So I have this question and can't get the final result –
If a stock goes up daily by $X$ dollars, and the distribution is $X∼U(−0.15,0.37)$. The cost of a stock today is one dollar and I want to buy $200$ stocks.
What is the probability that in $75$ days the value of all stocks in my hand ($200$ stocks) will not go above $1800$ dollars?
I multiplied 200 by the uniform distribution commutative formula, with $X=1$.
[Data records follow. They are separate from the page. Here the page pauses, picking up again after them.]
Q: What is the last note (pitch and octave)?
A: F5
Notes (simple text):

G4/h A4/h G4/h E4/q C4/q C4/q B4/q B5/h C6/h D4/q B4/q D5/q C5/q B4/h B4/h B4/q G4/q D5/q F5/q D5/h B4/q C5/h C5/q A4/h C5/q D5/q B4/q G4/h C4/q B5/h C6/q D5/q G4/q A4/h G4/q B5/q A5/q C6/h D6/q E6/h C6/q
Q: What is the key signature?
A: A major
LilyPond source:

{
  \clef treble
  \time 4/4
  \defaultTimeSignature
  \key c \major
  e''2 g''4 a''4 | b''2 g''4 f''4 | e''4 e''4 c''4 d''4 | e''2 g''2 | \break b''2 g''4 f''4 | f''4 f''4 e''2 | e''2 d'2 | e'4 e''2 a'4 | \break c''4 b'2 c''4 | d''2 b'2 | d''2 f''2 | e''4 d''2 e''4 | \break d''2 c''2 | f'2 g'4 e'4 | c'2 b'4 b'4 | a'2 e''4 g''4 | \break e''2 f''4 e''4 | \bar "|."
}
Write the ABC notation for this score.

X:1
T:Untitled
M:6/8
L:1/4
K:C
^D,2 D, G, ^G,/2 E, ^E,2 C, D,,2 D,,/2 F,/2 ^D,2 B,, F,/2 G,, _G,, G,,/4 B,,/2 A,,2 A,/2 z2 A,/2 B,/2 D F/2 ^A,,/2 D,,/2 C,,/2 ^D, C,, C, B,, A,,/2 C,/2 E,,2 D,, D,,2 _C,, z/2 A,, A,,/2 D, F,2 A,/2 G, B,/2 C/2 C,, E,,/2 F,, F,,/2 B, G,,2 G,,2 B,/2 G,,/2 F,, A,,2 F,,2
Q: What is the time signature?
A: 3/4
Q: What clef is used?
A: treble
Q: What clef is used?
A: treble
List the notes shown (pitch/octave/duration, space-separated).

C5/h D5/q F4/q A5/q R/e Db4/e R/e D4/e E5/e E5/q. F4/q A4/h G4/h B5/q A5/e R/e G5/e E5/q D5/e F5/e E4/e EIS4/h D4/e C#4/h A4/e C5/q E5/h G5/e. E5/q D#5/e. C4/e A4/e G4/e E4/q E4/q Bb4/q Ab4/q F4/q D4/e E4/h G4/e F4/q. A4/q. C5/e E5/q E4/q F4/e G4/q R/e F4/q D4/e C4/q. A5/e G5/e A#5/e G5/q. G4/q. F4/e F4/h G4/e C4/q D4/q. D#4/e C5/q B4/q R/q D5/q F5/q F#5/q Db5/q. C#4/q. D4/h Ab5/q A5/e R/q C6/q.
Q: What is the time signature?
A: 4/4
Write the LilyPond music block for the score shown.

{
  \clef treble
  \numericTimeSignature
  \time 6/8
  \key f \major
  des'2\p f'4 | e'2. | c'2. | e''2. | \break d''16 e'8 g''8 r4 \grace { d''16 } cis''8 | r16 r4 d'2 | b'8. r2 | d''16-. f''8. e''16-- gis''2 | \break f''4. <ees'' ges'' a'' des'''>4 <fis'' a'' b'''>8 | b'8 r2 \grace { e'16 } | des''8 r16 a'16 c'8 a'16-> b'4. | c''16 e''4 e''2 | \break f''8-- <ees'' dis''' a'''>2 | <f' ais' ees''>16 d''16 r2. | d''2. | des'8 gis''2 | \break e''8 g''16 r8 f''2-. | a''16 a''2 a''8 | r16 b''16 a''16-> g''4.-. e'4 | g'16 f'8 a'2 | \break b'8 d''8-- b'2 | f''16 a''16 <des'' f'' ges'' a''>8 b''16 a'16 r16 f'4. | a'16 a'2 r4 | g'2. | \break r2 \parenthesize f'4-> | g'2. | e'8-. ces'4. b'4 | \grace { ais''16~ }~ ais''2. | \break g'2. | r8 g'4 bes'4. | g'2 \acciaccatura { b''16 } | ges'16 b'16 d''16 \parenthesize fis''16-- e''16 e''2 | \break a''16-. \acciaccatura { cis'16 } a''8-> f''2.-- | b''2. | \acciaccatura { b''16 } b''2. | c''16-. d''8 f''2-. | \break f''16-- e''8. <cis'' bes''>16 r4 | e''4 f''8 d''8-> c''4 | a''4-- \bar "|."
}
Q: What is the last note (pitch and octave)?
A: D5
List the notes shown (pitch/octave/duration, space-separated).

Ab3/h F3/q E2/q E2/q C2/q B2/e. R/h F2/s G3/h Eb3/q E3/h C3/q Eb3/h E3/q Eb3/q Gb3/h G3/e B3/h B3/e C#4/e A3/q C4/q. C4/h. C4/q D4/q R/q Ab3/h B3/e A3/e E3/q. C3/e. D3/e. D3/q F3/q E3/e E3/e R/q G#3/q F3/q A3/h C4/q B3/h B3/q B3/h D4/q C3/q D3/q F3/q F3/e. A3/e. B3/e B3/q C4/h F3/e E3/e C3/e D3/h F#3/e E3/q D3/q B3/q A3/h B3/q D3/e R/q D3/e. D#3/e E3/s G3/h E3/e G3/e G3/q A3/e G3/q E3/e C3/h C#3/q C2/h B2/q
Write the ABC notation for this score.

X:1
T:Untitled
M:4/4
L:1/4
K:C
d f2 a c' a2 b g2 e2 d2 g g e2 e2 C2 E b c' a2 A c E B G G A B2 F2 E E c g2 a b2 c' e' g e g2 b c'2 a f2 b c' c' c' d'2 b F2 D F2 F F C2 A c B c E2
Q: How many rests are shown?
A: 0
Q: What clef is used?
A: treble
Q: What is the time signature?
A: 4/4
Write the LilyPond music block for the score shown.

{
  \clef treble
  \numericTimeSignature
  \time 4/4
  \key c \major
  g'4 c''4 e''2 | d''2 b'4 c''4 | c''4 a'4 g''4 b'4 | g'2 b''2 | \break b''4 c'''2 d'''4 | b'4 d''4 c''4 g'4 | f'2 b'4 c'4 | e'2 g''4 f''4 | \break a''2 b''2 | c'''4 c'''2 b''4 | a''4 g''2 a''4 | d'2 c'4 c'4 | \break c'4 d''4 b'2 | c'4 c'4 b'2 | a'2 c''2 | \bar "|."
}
and then I was not sure how to calculate the value of stock after $75$ days so I calculated it with CDF also, as $g(x)$, am I not in the right direction?
Best Answer
First of all you have to evaluate the expected value. $\mathbb E(X)=\frac{0.37+(-0.15)}{2}=0.11$. And the variance is $Var(X)=\frac{(0.37-(-0.15))^2}{12}=\frac{169}{7500}\approx 0.0225333$ If you buy 200 stocks the corresponding values for the changes are
$\mathbb E(200X)=200\cdot \frac{0.37+(-0.15)}{2}=22$ and $Var(200X)=\frac{2704}{3}\approx 901.3333$
Now you can apply the central limit theorem in order to calculate that in $75$ days the value of all will not go above 1800 dollars. You have to assume that the change of the stocks at day $t$ does not affect the change in $t+1$ (much).